DATA RECORDS.
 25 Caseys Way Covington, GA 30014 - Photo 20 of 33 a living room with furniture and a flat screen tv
--
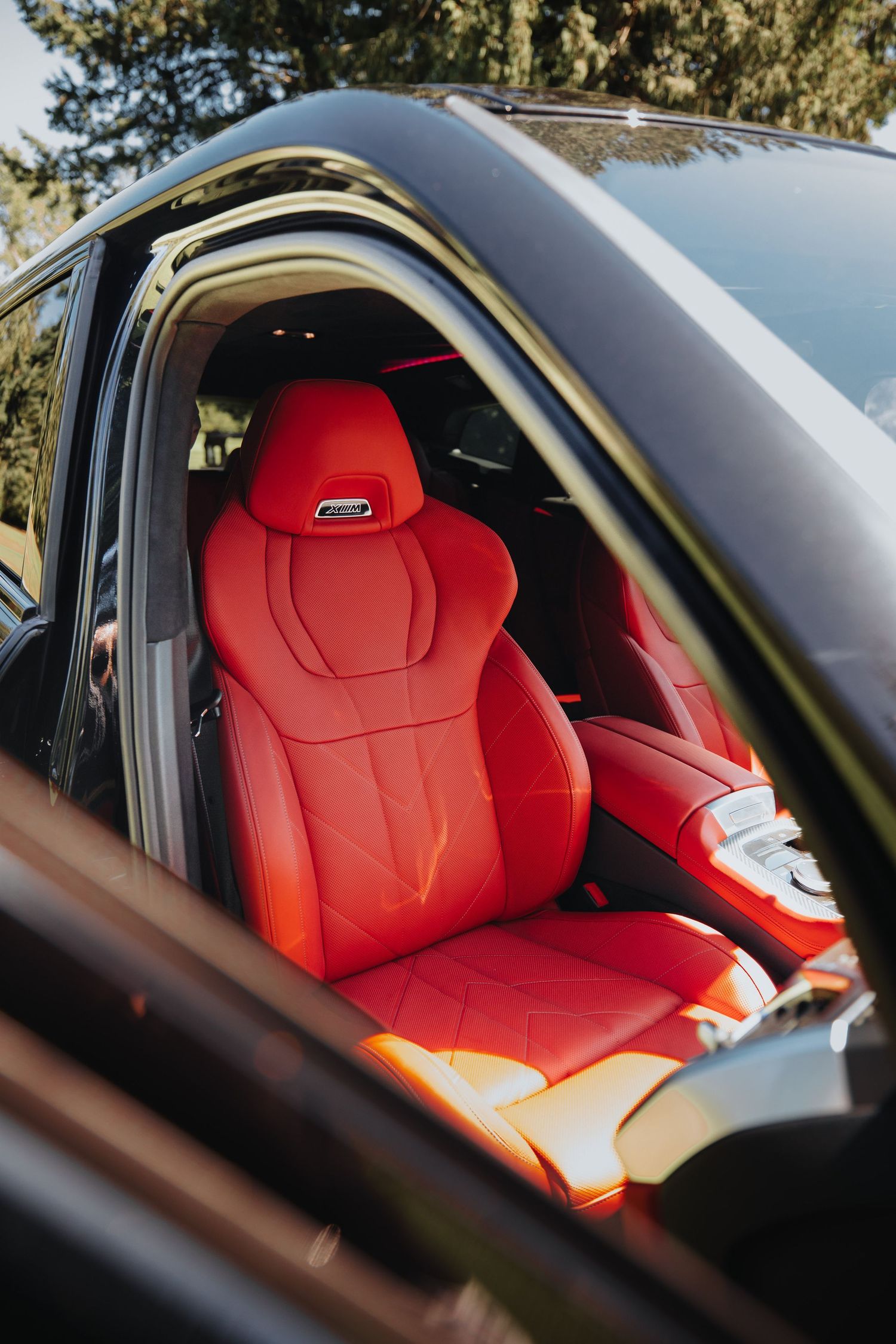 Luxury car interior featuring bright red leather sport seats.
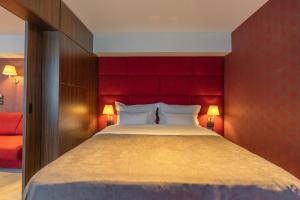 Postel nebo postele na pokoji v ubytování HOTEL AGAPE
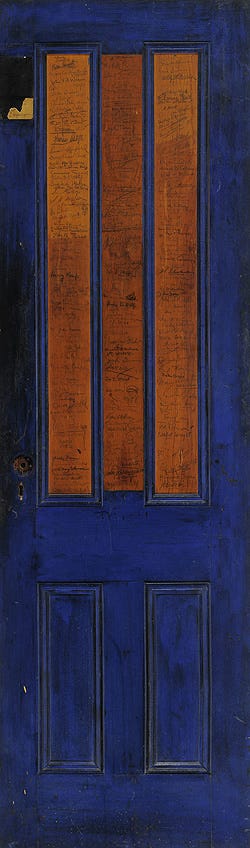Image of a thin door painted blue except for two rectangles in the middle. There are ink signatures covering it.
---
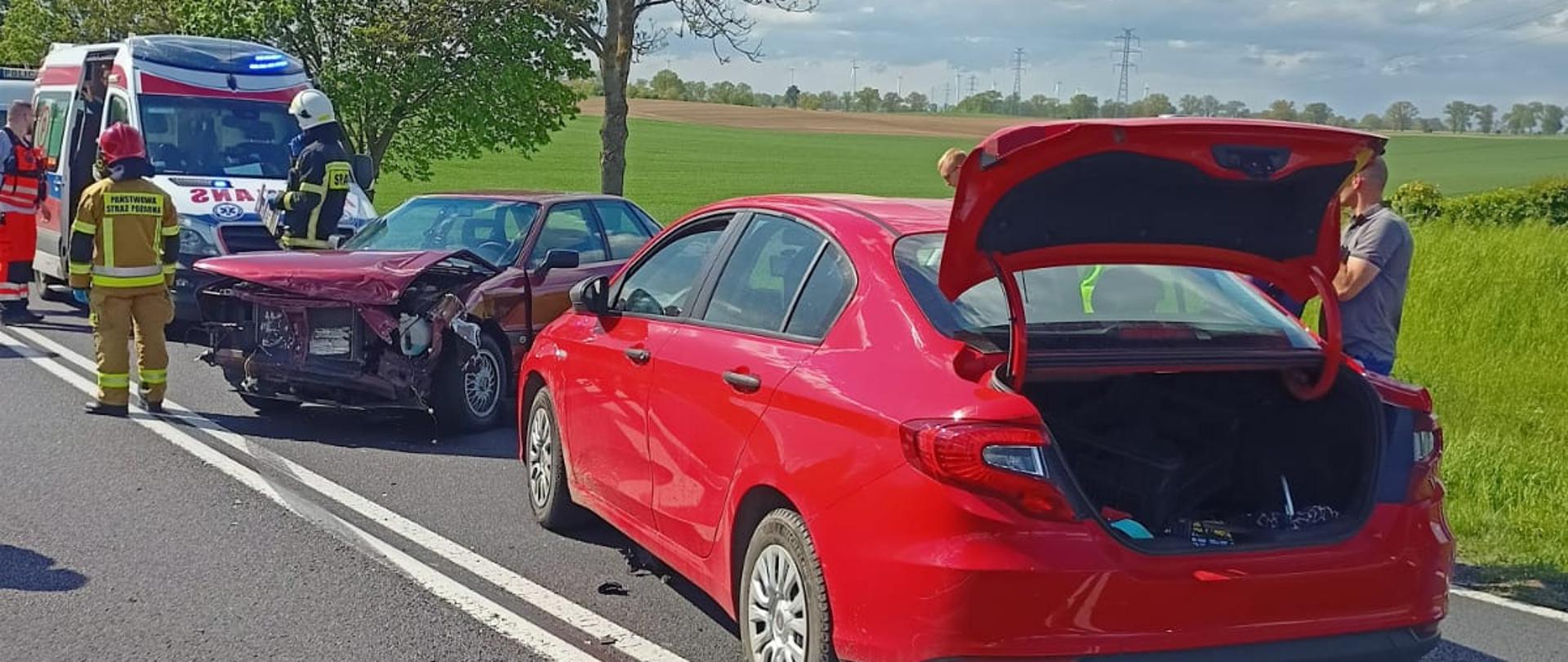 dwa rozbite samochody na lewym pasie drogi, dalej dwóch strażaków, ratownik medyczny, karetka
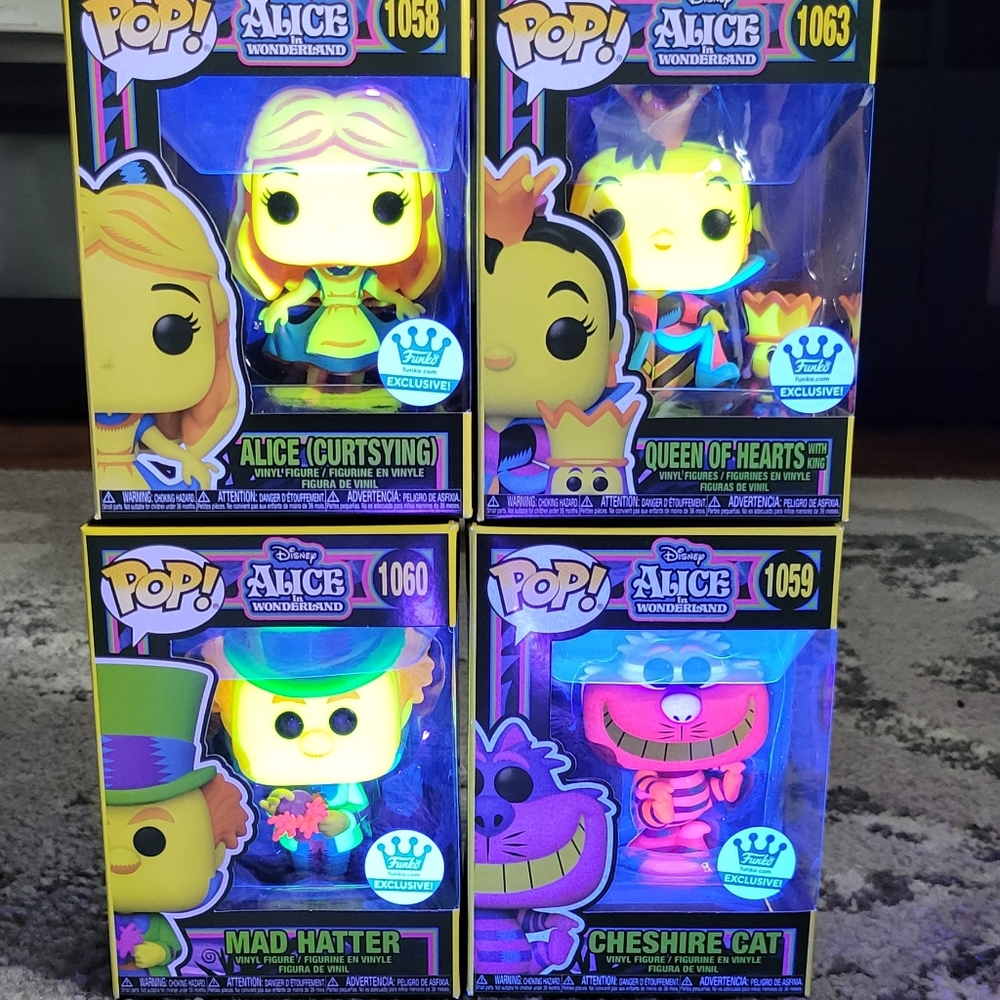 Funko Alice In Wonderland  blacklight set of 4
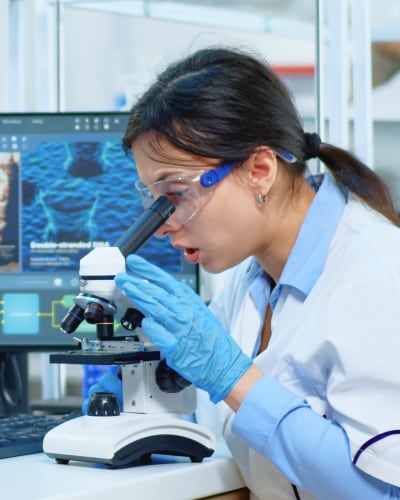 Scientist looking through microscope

WORK TO COMPLETE. Line for line, output the entries above from the line with "Funko Alice In" to the line with "Scientist looking through microscope", both included, and nothing more. Skip pictures.

REPLY.
 Funko Alice In Wonderland  blacklight set of 4
 Scientist looking through microscope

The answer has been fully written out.